> RECORD SET:
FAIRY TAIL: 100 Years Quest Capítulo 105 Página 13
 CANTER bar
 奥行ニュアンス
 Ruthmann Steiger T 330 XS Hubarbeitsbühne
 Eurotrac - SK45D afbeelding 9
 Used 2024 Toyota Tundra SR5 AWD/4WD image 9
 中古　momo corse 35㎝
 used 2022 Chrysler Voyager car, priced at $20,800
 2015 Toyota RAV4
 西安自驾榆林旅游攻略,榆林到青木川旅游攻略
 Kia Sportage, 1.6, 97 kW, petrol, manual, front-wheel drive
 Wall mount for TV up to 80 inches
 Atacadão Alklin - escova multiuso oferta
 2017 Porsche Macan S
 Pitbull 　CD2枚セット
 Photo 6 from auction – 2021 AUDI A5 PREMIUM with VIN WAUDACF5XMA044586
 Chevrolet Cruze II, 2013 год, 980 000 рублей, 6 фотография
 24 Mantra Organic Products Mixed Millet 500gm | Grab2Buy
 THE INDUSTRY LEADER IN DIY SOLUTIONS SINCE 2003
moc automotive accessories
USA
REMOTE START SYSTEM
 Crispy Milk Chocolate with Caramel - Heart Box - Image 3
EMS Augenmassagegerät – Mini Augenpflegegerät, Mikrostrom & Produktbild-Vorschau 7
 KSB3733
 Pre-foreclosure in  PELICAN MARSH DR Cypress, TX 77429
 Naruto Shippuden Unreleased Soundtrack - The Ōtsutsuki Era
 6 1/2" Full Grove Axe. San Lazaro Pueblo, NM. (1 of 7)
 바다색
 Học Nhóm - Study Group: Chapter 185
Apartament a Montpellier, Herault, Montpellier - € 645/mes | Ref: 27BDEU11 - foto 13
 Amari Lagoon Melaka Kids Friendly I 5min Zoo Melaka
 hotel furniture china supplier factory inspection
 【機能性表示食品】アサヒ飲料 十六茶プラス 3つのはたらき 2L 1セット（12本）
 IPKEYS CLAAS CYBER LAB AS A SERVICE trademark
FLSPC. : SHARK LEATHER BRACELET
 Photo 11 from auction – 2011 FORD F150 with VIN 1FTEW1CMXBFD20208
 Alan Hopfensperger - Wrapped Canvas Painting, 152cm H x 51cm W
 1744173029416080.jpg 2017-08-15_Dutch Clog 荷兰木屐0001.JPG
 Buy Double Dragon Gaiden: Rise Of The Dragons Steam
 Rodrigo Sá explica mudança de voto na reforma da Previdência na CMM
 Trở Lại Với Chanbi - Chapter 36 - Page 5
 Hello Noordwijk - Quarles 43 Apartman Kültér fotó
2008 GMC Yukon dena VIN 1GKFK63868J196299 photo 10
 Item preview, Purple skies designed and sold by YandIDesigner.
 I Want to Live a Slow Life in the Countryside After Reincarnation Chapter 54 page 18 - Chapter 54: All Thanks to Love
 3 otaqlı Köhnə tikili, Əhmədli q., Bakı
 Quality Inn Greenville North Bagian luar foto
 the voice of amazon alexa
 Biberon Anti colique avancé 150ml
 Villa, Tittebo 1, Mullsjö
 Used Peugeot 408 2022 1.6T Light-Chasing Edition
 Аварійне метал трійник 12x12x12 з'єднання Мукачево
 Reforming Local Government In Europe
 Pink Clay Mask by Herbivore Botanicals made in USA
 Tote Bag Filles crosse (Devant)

> PROBLEM DESCRIPTION: Copy back the listing above exactly, but only from the line with "NM. (1 of 7)" through the line with "Alan Hopfensperger - Wrapped", both ends included.

> PROBLEM SOLUTION:
 6 1/2" Full Grove Axe. San Lazaro Pueblo, NM. (1 of 7)
 바다색
 Học Nhóm - Study Group: Chapter 185
Apartament a Montpellier, Herault, Montpellier - € 645/mes | Ref: 27BDEU11 - foto 13
 Amari Lagoon Melaka Kids Friendly I 5min Zoo Melaka
 hotel furniture china supplier factory inspection
 【機能性表示食品】アサヒ飲料 十六茶プラス 3つのはたらき 2L 1セット（12本）
 IPKEYS CLAAS CYBER LAB AS A SERVICE trademark
FLSPC. : SHARK LEATHER BRACELET
 Photo 11 from auction – 2011 FORD F150 with VIN 1FTEW1CMXBFD20208
 Alan Hopfensperger - Wrapped Canvas Painting, 152cm H x 51cm W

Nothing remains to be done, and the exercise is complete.